BEGIN
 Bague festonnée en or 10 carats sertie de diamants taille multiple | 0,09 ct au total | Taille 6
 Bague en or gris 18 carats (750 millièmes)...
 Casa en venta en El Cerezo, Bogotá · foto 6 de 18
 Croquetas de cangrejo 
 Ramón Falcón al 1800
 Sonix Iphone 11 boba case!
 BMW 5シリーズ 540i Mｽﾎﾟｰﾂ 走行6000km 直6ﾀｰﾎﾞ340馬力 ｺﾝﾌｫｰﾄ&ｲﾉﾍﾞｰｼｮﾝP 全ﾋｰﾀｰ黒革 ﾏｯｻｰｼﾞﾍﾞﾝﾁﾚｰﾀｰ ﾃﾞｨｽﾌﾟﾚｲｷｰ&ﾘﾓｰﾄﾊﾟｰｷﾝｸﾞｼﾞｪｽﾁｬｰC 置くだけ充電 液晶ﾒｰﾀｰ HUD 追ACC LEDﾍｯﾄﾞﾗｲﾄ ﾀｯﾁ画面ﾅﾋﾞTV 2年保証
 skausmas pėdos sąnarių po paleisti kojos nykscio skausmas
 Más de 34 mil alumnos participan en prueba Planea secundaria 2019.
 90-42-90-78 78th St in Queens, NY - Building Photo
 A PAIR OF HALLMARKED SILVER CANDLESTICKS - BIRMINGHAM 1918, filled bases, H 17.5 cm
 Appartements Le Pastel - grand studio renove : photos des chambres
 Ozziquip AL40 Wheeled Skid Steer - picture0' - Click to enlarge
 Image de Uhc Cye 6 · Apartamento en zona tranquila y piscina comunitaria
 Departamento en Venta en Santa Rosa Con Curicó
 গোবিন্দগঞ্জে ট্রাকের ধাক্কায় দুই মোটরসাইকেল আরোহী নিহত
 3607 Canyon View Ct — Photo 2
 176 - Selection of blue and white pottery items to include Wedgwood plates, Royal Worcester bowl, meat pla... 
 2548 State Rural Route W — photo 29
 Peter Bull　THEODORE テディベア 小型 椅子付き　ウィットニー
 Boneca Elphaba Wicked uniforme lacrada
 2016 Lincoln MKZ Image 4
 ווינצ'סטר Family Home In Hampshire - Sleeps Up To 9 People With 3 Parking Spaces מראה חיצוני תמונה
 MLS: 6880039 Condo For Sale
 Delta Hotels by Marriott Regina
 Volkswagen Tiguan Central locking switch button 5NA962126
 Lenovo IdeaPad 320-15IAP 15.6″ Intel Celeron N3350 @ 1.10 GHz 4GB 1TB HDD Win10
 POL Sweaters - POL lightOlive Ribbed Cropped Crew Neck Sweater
END
* **ASSIGNMENT**
Nothing but the lines from the first line of the data through the line with "Sonix Iphone 11 boba case!" should be returned, exactly as they appear, both ends included.

* **WRITTEN REPLY**
 Bague festonnée en or 10 carats sertie de diamants taille multiple | 0,09 ct au total | Taille 6
 Bague en or gris 18 carats (750 millièmes)...
 Casa en venta en El Cerezo, Bogotá · foto 6 de 18
 Croquetas de cangrejo 
 Ramón Falcón al 1800
 Sonix Iphone 11 boba case!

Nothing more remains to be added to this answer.